• [Exercise brief] Reproduce verbatim only the lines from the one containing "Чехол fiji silicone" through the last line below, both included.

• [Dataset content]
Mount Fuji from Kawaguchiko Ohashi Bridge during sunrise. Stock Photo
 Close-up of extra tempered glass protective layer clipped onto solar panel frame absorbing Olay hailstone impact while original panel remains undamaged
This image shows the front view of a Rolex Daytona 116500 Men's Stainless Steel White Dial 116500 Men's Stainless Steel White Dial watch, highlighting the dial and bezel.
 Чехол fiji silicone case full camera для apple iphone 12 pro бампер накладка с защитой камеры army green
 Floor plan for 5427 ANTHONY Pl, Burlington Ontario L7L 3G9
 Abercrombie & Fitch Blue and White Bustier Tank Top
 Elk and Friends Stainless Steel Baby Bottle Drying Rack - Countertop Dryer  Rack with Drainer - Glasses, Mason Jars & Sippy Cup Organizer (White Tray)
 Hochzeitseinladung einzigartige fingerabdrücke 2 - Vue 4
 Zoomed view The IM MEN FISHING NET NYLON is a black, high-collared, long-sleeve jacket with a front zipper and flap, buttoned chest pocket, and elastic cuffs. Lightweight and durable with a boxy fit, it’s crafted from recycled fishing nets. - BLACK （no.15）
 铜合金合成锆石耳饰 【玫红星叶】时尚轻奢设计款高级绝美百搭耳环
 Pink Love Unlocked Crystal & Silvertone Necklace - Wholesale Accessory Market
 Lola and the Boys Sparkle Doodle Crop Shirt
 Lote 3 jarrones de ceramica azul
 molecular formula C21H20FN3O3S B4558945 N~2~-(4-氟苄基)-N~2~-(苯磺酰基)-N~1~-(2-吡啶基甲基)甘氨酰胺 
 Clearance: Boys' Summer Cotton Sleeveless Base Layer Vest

• [Reply to the exercise]
 Чехол fiji silicone case full camera для apple iphone 12 pro бампер накладка с защитой камеры army green
 Floor plan for 5427 ANTHONY Pl, Burlington Ontario L7L 3G9
 Abercrombie & Fitch Blue and White Bustier Tank Top
 Elk and Friends Stainless Steel Baby Bottle Drying Rack - Countertop Dryer  Rack with Drainer - Glasses, Mason Jars & Sippy Cup Organizer (White Tray)
 Hochzeitseinladung einzigartige fingerabdrücke 2 - Vue 4
 Zoomed view The IM MEN FISHING NET NYLON is a black, high-collared, long-sleeve jacket with a front zipper and flap, buttoned chest pocket, and elastic cuffs. Lightweight and durable with a boxy fit, it’s crafted from recycled fishing nets. - BLACK （no.15）
 铜合金合成锆石耳饰 【玫红星叶】时尚轻奢设计款高级绝美百搭耳环
 Pink Love Unlocked Crystal & Silvertone Necklace - Wholesale Accessory Market
 Lola and the Boys Sparkle Doodle Crop Shirt
 Lote 3 jarrones de ceramica azul
 molecular formula C21H20FN3O3S B4558945 N~2~-(4-氟苄基)-N~2~-(苯磺酰基)-N~1~-(2-吡啶基甲基)甘氨酰胺 
 Clearance: Boys' Summer Cotton Sleeveless Base Layer Vest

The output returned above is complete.